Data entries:
==================================================

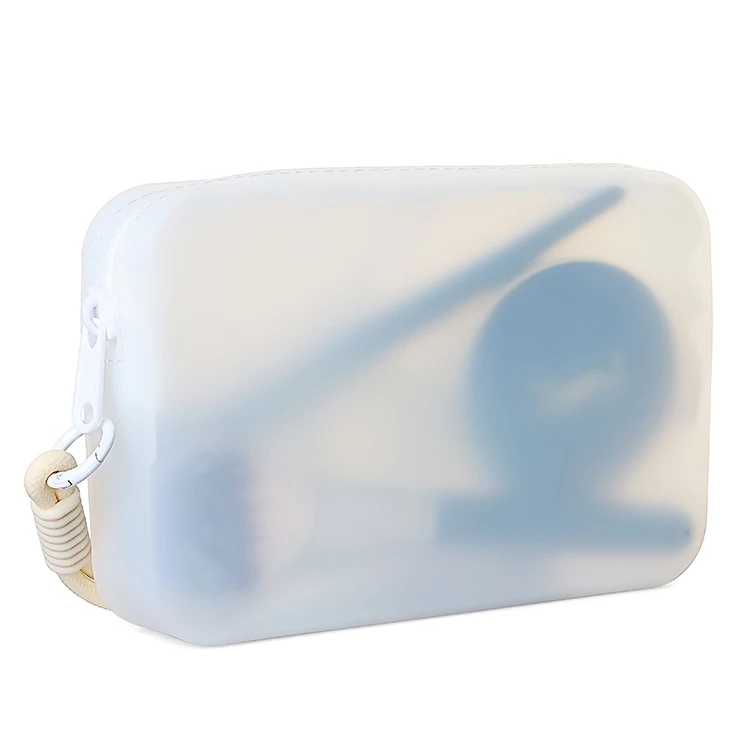 Wholesale Travel Cosmetics Transparent Zipper Toiletry Cosmetic Bag Unisex Large Professional Cosmetic Bag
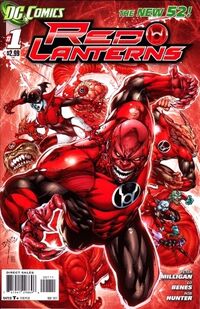 Red Lanterns 1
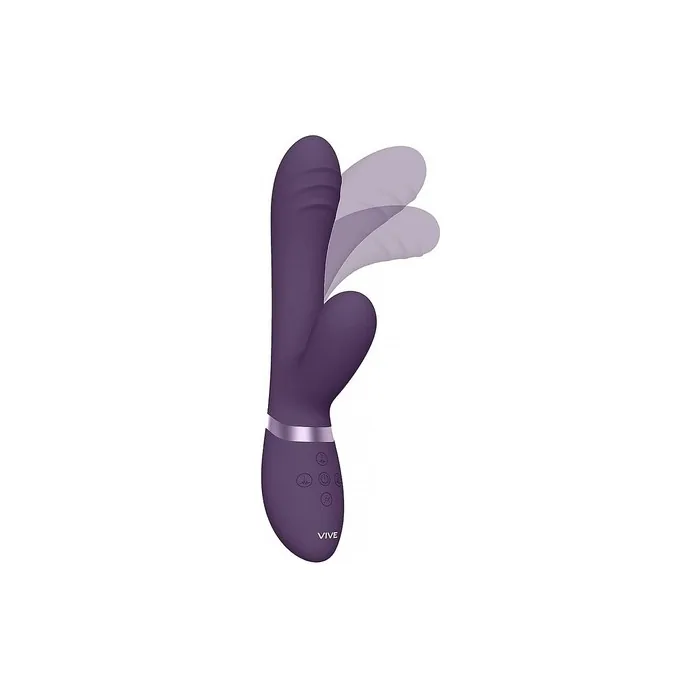 Shots Sweet Spot G-Spot Vibrators Purple One Size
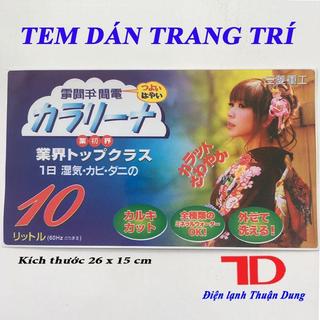 TEM DÁN TRANG TRÍ HÀNG NỘI ĐỊA NHẬT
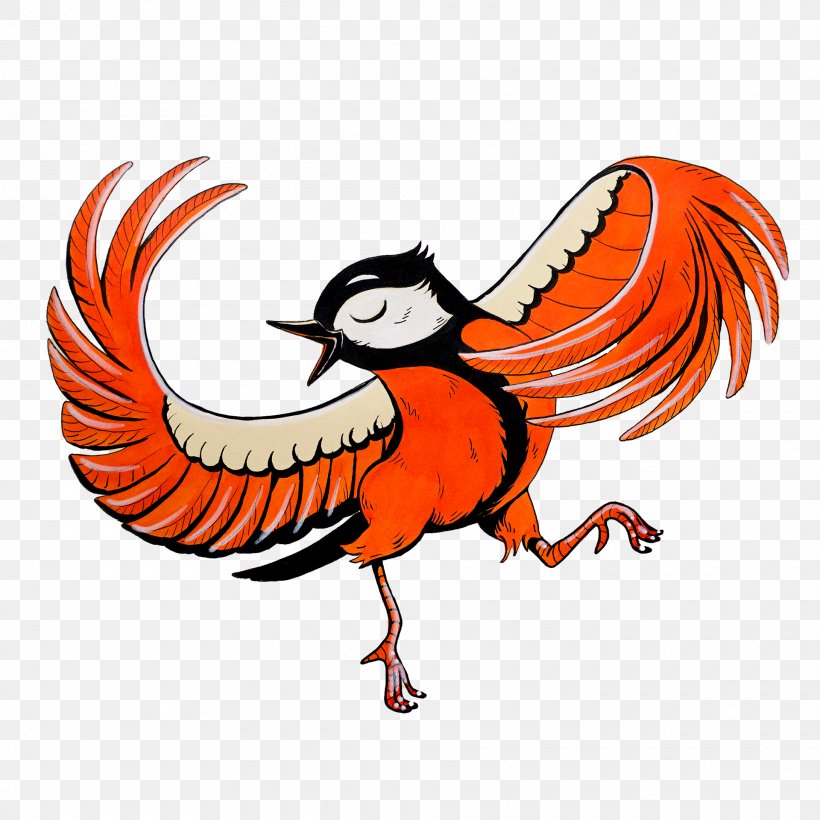 Bird, PNG, 1920x1920px, Rooster, Animal, Beak, Bird, Cartoon Download Free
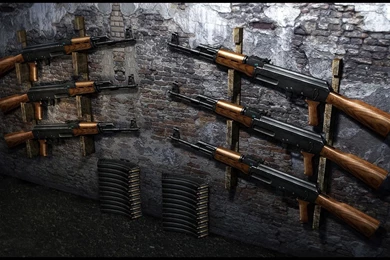 Millenia's AK47 (Counter Strike: Source > Skins > AK 47)   GAMEBANANA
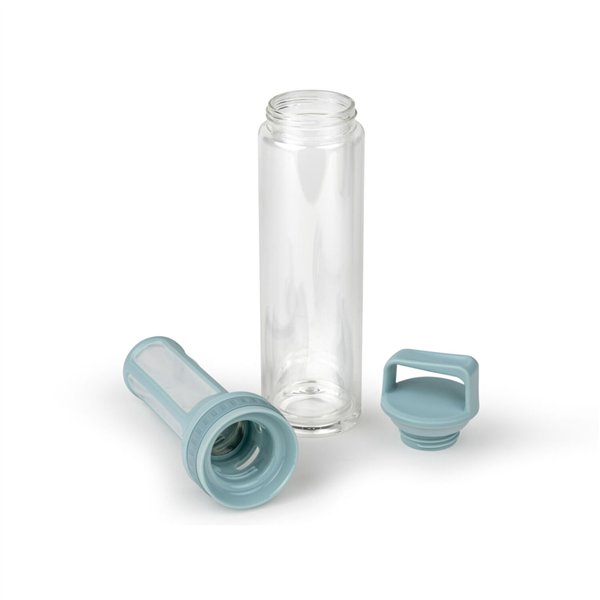 Leopold Vienna Cold brew Moshi 400ml doppelw.Glas mint LV117020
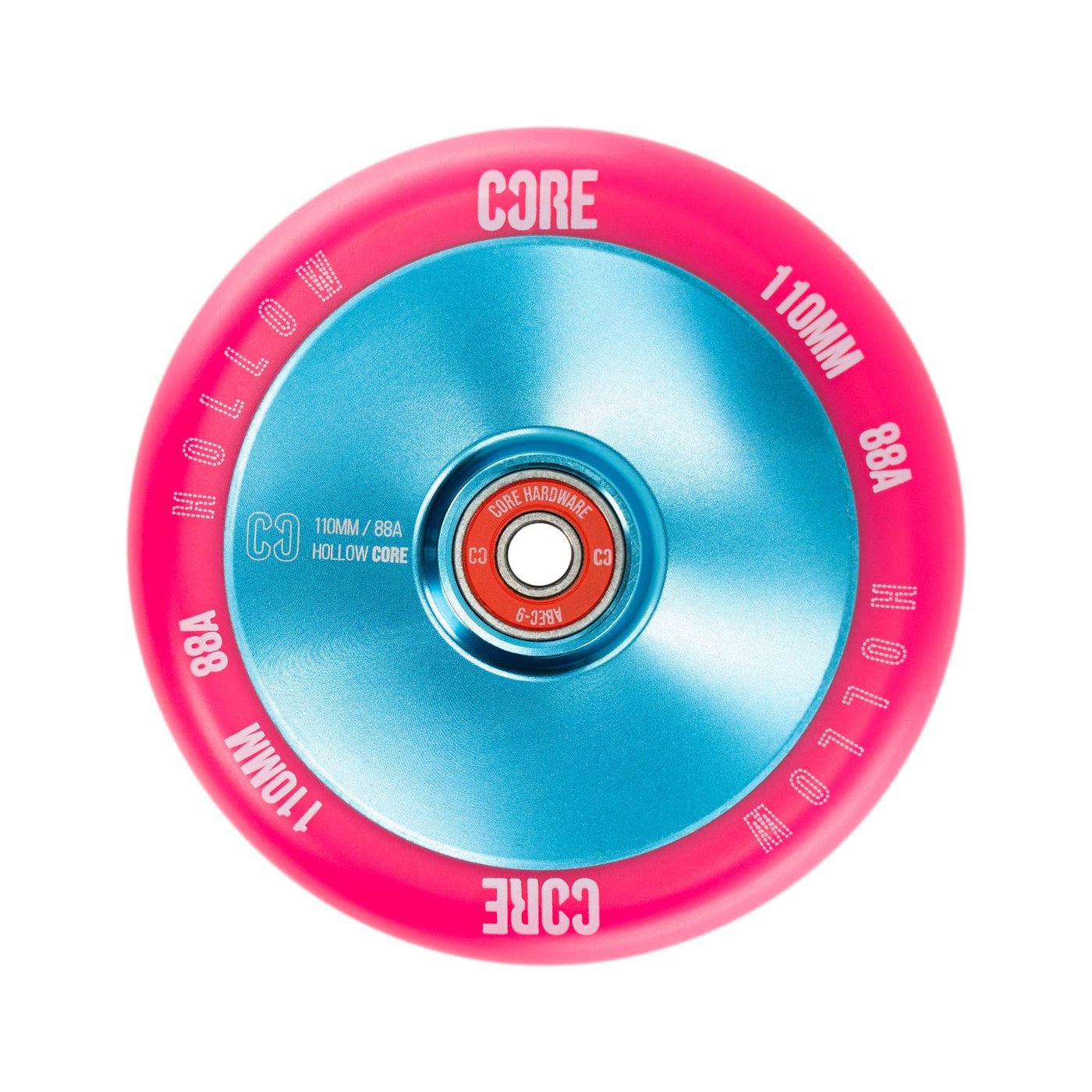 CORE Hollow V2 Pink Scooter Wheel 110mm I Stunt Scooter Wheel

==================================================

### What you should do
In your copy, please omit the pictures and print every line of the records exactly.

### Problem solution
 Wholesale Travel Cosmetics Transparent Zipper Toiletry Cosmetic Bag Unisex Large Professional Cosmetic Bag
 Red Lanterns 1
 Shots Sweet Spot G-Spot Vibrators Purple One Size
 TEM DÁN TRANG TRÍ HÀNG NỘI ĐỊA NHẬT
 Bird, PNG, 1920x1920px, Rooster, Animal, Beak, Bird, Cartoon Download Free
 Millenia's AK47 (Counter Strike: Source > Skins > AK 47)   GAMEBANANA
 Leopold Vienna Cold brew Moshi 400ml doppelw.Glas mint LV117020
 CORE Hollow V2 Pink Scooter Wheel 110mm I Stunt Scooter Wheel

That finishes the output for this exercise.